Zipcar's Scott Griffith and Toyota's Frank Miller with a Toyota Prius PHV
With fuel prices going the way they are, and it getting harder and harder to find a parking spot in most congested cities these days, the increasing popularity of car-sharing schemes is hardly surprising. In fact, the industry is getting so popular that individuals and automakers alike are getting in on the act.
Furthermore, just last month we saw Zipcar, one of the biggest car-sharing outfits in the country, manage to raise some $174 million in an IPO.
But is car-sharing the way of the future? And is there really a viable business here?

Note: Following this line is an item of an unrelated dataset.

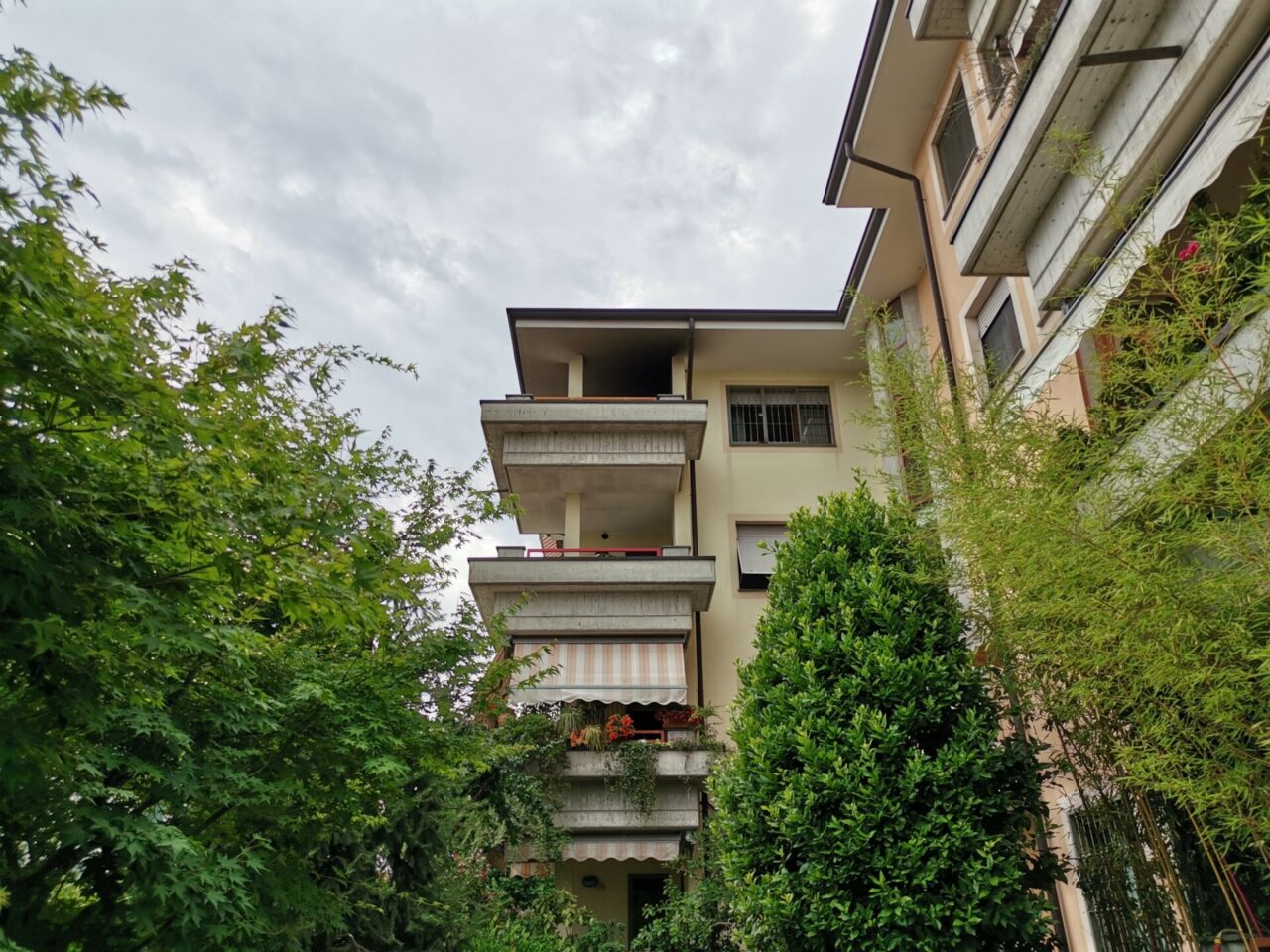 Incendio in appartamento, inquilina salvata dai vicini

Ask a representative of the car-rental market and you’ll get the response that car-sharing is still in its very early stages, especially here in the U.S., and also that it’s unclear if it will ever expand beyond its current niche status.
In fact, many in the car rental business see car-sharing as just an extension of what businesses like Hertz and Enterprise are already doing: offering cars as a service to people who want them.
What is clear is that even the biggest car-sharing firms are running at a loss. Zipcar, for example, had revenues of just over $186 million in 2010 but ended the year with a $14 million loss. Furthermore, Zipcar is predicting a loss for 2011 and is unclear whether it will be profitable in 2012.
Another factor impacting on the viability of car-sharing programs is the price of fuel and the propensity of consumers to pay more at the pump--something that can be quite volatile.
Only time will tell but with fuel prices almost certain to rise and stay that way, we’re sure a lot more car-sharing firms will crop up around the country.